Por isso, devemos tomar muito cuidado com a indústria alimentícia, o modo de produção e a procedência de cada ingrediente, uma vez que a comida adulterada prejudica não apenas a nossa saúde física, mas também a nossa alma. A Kashrut não é apenas uma regra básica sobre alimentação saudável, mas um processo de Teshuvah que ajuda a remover as manchas da alma, tornando-a pura e redirecionando-a ao seu Criador.

A Torah nos ensina que D’us soprou a Neshamá (alma) no corpo de Adão. O corpo de Adão era de terra, mas sua alma era um sopro Divino. É por isso que cada pessoa é capaz de se tornar um grande Tsadik (justo), porque nossas almas são fonte de santidade, do Próprio D’us. O pecado de Adão e Eva é por demais conhecido. Enquanto viviam no Jardim do Éden, tinham permissão para comer de todas as árvores, exceto da Árvore do Conhecimento do Bem e do Mal. D’us previne Adão que a conseqüência de se violar a proibição seria a morte. Mas, a despeito do severo alerta, Eva se deixa seduzir pela serpente e partilha do fruto proibido, o qual, mais tarde, oferece ao marido e a todos os animais. Em decorrência disso, a morte é introduzida no mundo e Adão e Eva são banidos do Éden, pois mancharam as suas almas. Antes de incidir em pecado, a existência física do homem era pura santidade. Como nos ensina Rabi Shimon bar Yochai, autor do Zohar, até o mais espiritual dos seres humanos (exceto Yeshua) na História não consegue se equiparar à estatura espiritual de Adão. Ele nasceu para ser imortal e para viver livre de preocupações, esforços e sofrimentos. Sua missão consistia em tornar o Éden mais perfeito e poderoso para que tal perfeição e força pudessem estender-se por todo o mundo.

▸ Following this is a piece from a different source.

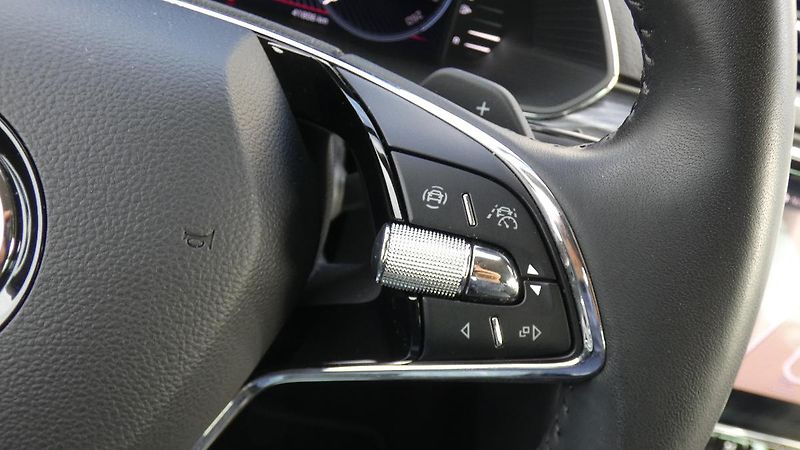 Škoda Superb 2,0 TDI 147kw 4x4 DSG Style - fotka 13 z 27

Ensinam os sábios do povo de D’us que Adão tinha inúmeros talentos e virtudes e privilégios. Era dotado de um altíssimo grau de sabedoria, compreensão e conhecimento. Apesar de sua alma divina estar dentro de um corpo físico, não era um homem como nós. Era um ser primariamente espiritual e mantinha uma ligação direta com D’us. Comunicava-se diretamente com o Criador, que lhe dava instruções e lhe passava ensinamentos, inclusive os segredos místicos do alfabeto hebraico e as mais profundas e ocultas revelações sobre a Criação e o universo. Todavia, todos esses privilégios foram perdidos após Adão manchar sua alma, pois ao seu respeito é dito:

“Todos os dias que Adão viveu totalizaram 930 anos; então ele morreu.”(Genesis 5:6)

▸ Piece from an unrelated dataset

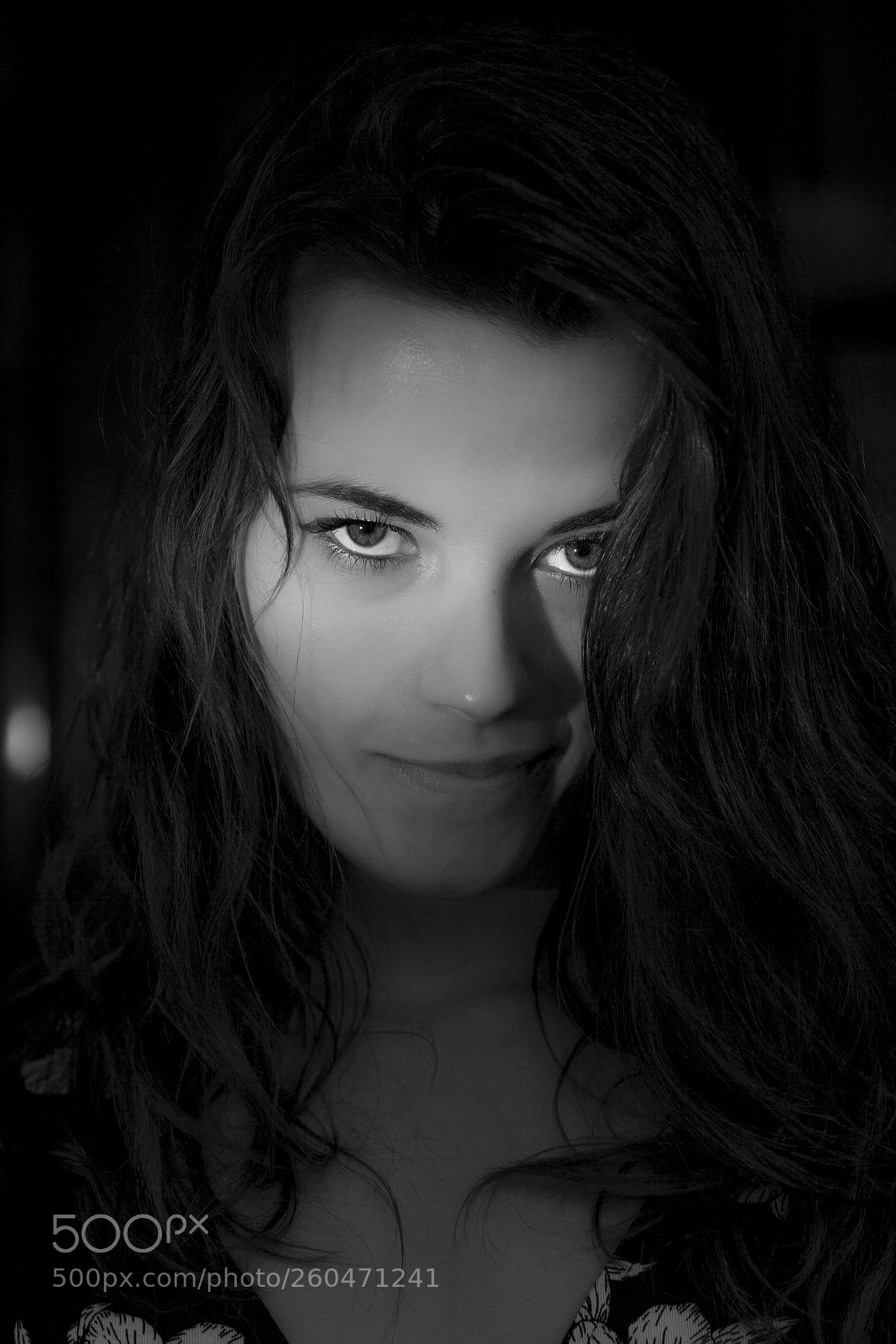 Canon EOS 5D Mark II sample photo. Noire stare photography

D’us disse a Adão que ele podia comer qualquer fruta do jardim, exceto a fruta da Árvore do Conhecimento do Bem e do Mal. Naquele tempo, a natureza de Adão era totalmente boa. A tendência para fazer algo errado (yetser hará) existia apenas fora dele. No entanto, ao insurgir-se contra a ordem de D’us, Adão internalizou e incorporou a inclinação de fazer coisas erradas, através da qual ele criou uma mistura entre o bom e o mal. Se por um ato (infeliz) de comer o fruto proibido Adão manchou a sua alma, por um ato de não comer, purificamos a nossa alma. A Kashrut não é apenas uma regra básica sobre alimentação saudável, mas um processo de Teshuvah que ajuda a remover as manchas da alma, tornando-a pura e redirecionando-a ao seu Criador. A obediência aos Mandamentos da Torah nos reconecta com a nossa fonte de vida, O Eterno. Inspirado pelo Ruach Hakodesh (Mover do Separado), David Ha’Melch (O rei David) escreveu:

“Os preceitos do Senhor são retos e alegram o coração” (Salmo 19:8a Tradução convencional: ACF, ARA, NVI, NVT entre outras)

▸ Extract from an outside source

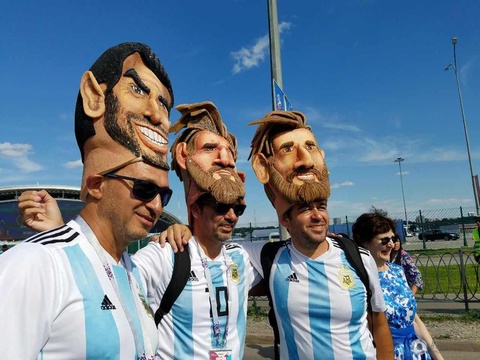 高清:阿根廷球迷包围喀山 帽子上日本LOGO醒目 第1页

Lendo apartir de uma tradução (pobre), não conseguimos extrair a essência do texto original.

תורת יהוה תמימה משיבת נפש

Torat Adonay T’mimah M’shivat Nefesh

A Torah (instrução) do Eterno é perfeita e retorna a alma(Salmo 19:8a)

A observância à Torah e as Mitsvot faz a alma retornar ao seu Criador, O Santo Bendito Seja Ele.

Yom Ha’Kipurim – O dia das expiações “das almas”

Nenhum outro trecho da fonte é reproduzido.